Data extract:
════════════════════
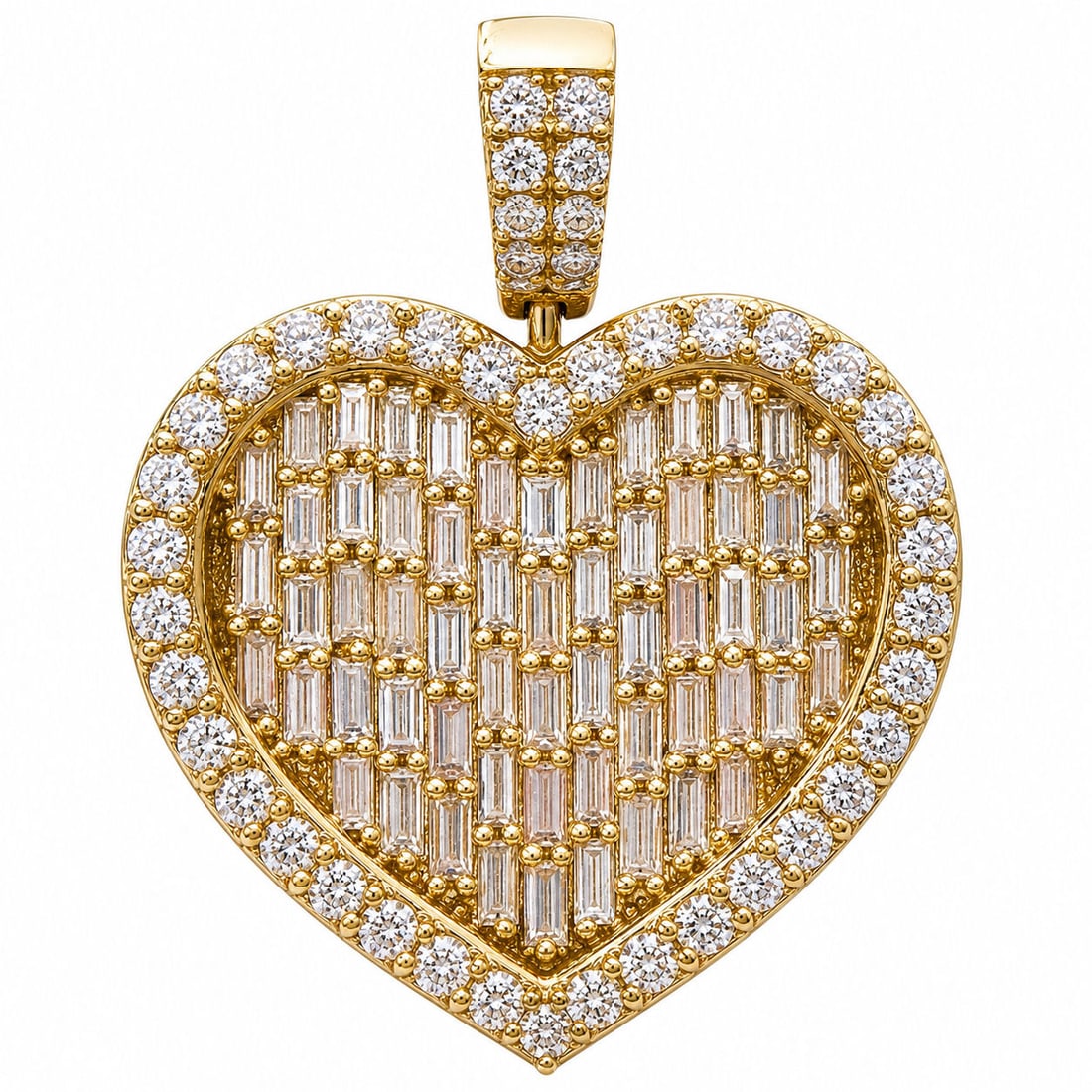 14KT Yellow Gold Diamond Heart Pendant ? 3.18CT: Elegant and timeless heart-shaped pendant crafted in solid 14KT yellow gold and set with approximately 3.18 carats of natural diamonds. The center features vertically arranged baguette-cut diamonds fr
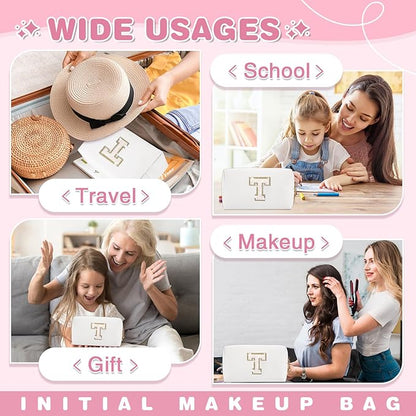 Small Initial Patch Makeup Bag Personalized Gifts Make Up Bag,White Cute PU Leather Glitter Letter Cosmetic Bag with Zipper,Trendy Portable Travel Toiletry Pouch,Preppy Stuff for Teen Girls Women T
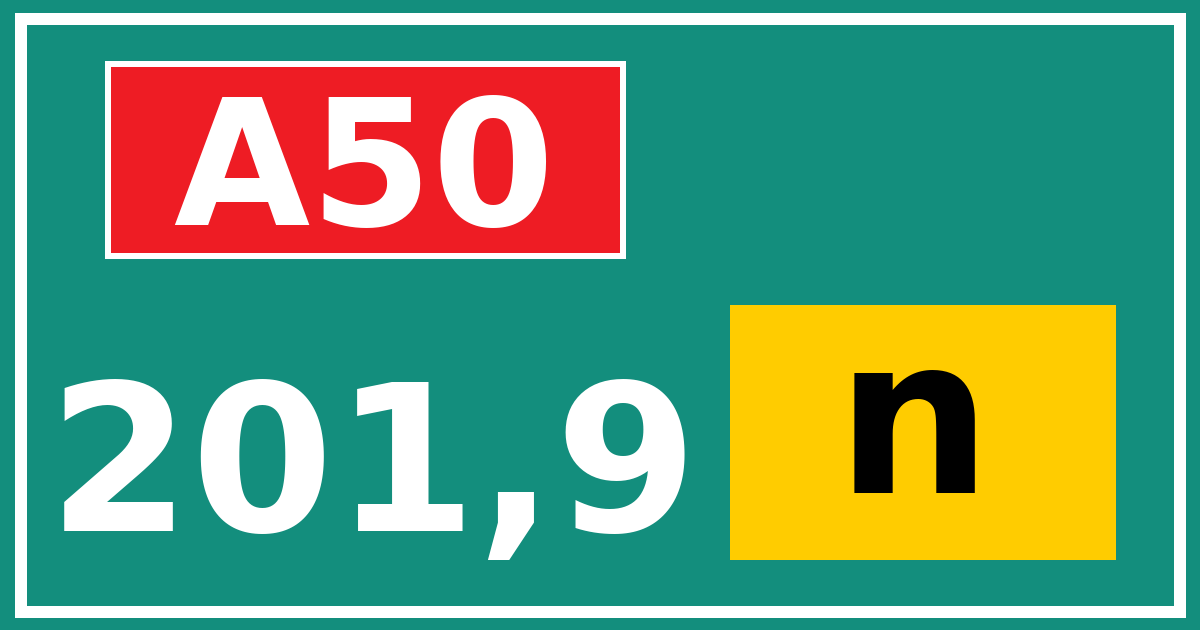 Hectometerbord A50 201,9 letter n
════════════════════
Task prompt: Word for word, reproduce the material above and omit each image.

Written response:
 14KT Yellow Gold Diamond Heart Pendant ? 3.18CT: Elegant and timeless heart-shaped pendant crafted in solid 14KT yellow gold and set with approximately 3.18 carats of natural diamonds. The center features vertically arranged baguette-cut diamonds fr
 Small Initial Patch Makeup Bag Personalized Gifts Make Up Bag,White Cute PU Leather Glitter Letter Cosmetic Bag with Zipper,Trendy Portable Travel Toiletry Pouch,Preppy Stuff for Teen Girls Women T
 Hectometerbord A50 201,9 letter n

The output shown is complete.